We're Back!
Dear Seekers,
One of the gems that was uncovered from our Seven Deadly Sins: Sloth experience this weekend, is that many of us want more ease but we are afraid of the losses that might occur if we stop doing (serving, people-pleasing, affiliating, working) in order to create more space for it.
Growing up, many of us learned that meeting other peoples' needs secured relationship to them. We came to believe that to receive love means we have to work extra hard. If you had an angry parent who was less mad if the house was clean, you cleaned the house. If your father didn't ask about your emotions, you may have asked about his to feel closer.

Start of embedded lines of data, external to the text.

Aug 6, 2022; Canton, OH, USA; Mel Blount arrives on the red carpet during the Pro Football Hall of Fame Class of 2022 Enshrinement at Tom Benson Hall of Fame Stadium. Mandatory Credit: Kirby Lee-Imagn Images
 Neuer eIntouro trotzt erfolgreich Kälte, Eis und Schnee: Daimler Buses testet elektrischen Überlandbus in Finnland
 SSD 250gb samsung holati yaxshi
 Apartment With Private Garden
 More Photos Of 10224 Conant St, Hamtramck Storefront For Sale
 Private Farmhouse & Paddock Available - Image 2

If your teacher was kinder to more pleasing children, you learned how to smile when you wanted to scream.
You grew up believing that your value was equal to your output; how much you gave determined your worth. It can be difficult to give yourself rest if you believe that it threatens your connections--
so you tuned out of you, to tune into them.
We give away the things we need--you ask your friend how she's doing when you want to know if she cares how you're doing, you bake the most beautiful cake for your partner's birthday hoping that he will prioritize yours, you decline an invite to something you want to go to because your child wants you.
What would happen if you nourished yourself with rest instead of nourishing others? What would it be like if you tolerated the anxiety of being "lazy"--a judgment that comes from a capitalist culture that attempts to motivate through shame--long enough to see what's underneath the anxiety? What if you gave other people the chance to love you, not for what you do, but for who you are?